Em que pese a atuação do Estado ser legítima, o quantum aplicado no Auto de Infração e sua justificativa tem estado muitas vezes à margem da Lei, usurpando o direito do Autuado a justa sanção, ocasionando não raras vezes a danos irreparáveis ao patrimônio do Produtor.
Explico. A Lei 9.605/98 ao dispor sobre as sanções penais e administrativas derivadas de infração ambiental, apesar de prever a aplicação de multa às infrações ambientais, não estipulou o valor aplicado a cada tipo infracional. Os tipos e seus respectivos valores foram regulamentados pelo Decreto Federal nº. 6.514/2008, à qual trazemos como exemplo o seu art. 50, in verbis:
Art. 50 - Destruir ou danificar florestas ou qualquer tipo de vegetação nativa ou de espécies nativas plantadas, objeto de especial preservação, sem autorização ou licença da autoridade ambiental competente:
Multa de R$ 5.000,00 (cinco mil reais) por hectare ou fração.
Para o Estado, não importa o quantum destruído ou danificado, nem mesmo as circunstâncias em que ocorreu, o valor será sempre o mesmo: R$ 5mil por hectare. Em que pese a aparente legalidade, os Autos de Infração que seguem à risca os valores impostos no Decreto 6.514/2008, são passíveis de terem seus valores ajustados à realidade fática e legal do caso in contreto.
Isto porquê, a Lei 9.605/98 ao discorrer sobre a infração administrativa (arts. 70 e ss.), determinou que os valores deveriam ser fixados com limites mínimo e máximo, ou seja, não por valor único. Além disto, determinou que para aplicação, no caso concreto, do quantum a ser imposto no Auto de Infração, o Agente Fiscalizador deve levar em consideração a gravidade dos fatos, os antecedentes e a situação econômica do infrator (art. 6º), os quais são intrínsecos aos princípios da individualização da pena, da proporcionalidade e da razoabilidade.
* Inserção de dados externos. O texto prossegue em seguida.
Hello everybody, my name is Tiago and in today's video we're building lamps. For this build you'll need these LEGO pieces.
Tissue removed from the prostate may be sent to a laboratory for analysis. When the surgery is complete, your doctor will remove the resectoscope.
Dada a hierarquia das normas, o Decreto regulamentador deve limitar-se aos ditames da Lei originária, não podendo avançar além desta, razão pela qual os valores dispostos no Decreto 6514/2008 e antecessores, deverá de ser considerados como teto máximo.
O raciocínio é simples. A Lei 9605/98 determinou a aplicação obrigatória dos princípios da individualização da pena, da razoabilidade e da proporcionalidade (art. 6º) na aferição do quantum a ser imposto de multa ao Autuado, o que impõe o entendimento de previsão legal de valores mínimos e máximos para cada infração, o qual é corroborado com o disposto no art. 75 do mesmo diploma, que fixa os limites mínimos e máximos de valores da multa, para fins de regulamentação pelo Decreto, in verbis:
Art. 75. O valor da multa de que trata este Capítulo será fixado no regulamento desta Lei e corrigido periodicamente, com base nos índices estabelecidos na legislação pertinente, sendo o mínimo de R$ 50,00 (cinqüenta reais) e o máximo de R$ 50.000.000,00 (cinqüenta milhões de reais)
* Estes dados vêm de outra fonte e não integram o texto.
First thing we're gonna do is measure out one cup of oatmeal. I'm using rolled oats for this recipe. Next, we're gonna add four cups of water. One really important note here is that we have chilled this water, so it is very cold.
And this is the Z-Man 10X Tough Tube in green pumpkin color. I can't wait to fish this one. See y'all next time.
Desta feita, tendo o Decreto 6.514/2008 determinado valor fixo para cada tipo de infração ambiental, impõe-se que este é o valor máximo e, o valor mínimo é o de R$ 50,00 (art. 75, Lei 9605/98), para fins de aferição dos critérios previstos no art. 6° da Lei em comento.
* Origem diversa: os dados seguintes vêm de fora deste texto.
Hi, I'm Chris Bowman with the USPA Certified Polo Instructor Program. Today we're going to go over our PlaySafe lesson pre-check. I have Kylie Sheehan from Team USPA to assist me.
De toda sorte, os tribunais pátrios vem aplicando os princípios da razoabilidade e proporcionalidade para redução do valor aplicado no Auto de Infração ambiental. Vejamos:
ADMINISTRATIVO E PROCESSUAL CIVIL. INFRAÇÃO AMBIENTAL. AUTO DE INFRAÇÃO LAVRADO PELO IBAMA. ANULAÇÃO. INVIABILIDADE. DESMATAMENTO E QUEIMADA SEM AUTORIZAÇÃO. PENA DE MULTA FIXADA NO MÁXIMO LEGAL. FALTA DE PROPORCIONALDIADE E MOTIVAÇÃO. REDUÇÃO. SENTENÇA MANTIDA. 1. … 5. É viável a redução do valor da multa fixada administrativamente,diante da ausência de proporcionalidade e motivação na sua fixação no máximo legal. 6. Apelações e remessa oficial desprovidas. (TRF 1ª Região. 5ª T. e-DJF1 25/07/2019).
APELAÇÃO CÍVEL – DIREITO AMBIENTAL – CERCEAMENTO DE DEFESA – NÃO OBSERVAÇÃO – PROCESSO APTO PARA JULGAMENTO – DESMATAMENTO DE ÁREA SEM DOCUMENTAÇÃO APTA – CONSTATAÇÃO POR MEIO DE AUTO DE INFRAÇÃO LAVRADO PELO IBAMA – ILÍCITO OCORRIDO ANTES DA COMPRA DA FAZENDA – NÃO COMPROVAÇÃO – AUSÊNCIA DE RESPONSABILIDADE COM O OCORRIDO – FATO PRATICADO POR TERCEIRO – REGISTRO EM DISSONÂNCIA COM O ATO ADMINISTRATIVO LAVRADO – PRESUNÇÃO RELATIVA – MINORAÇÃO DA MULTA – VIOLAÇÃO AOS PRINCÍPIOS DA RAZOABILIDADE E PROPORCIONALIDADE – CONSTATAÇÃO – REDUÇÃO IMPERIOSA – RECURSO PARCIALMENTE PROVIDO. [...]. Deve-se proceder à minoração de multa arbitrada em descompasso com os princípios da razoabilidade e proporcionalidade. (TJ-MT. 1ª Câm. Direito Público e Coletivo. DJE 10/11/2020)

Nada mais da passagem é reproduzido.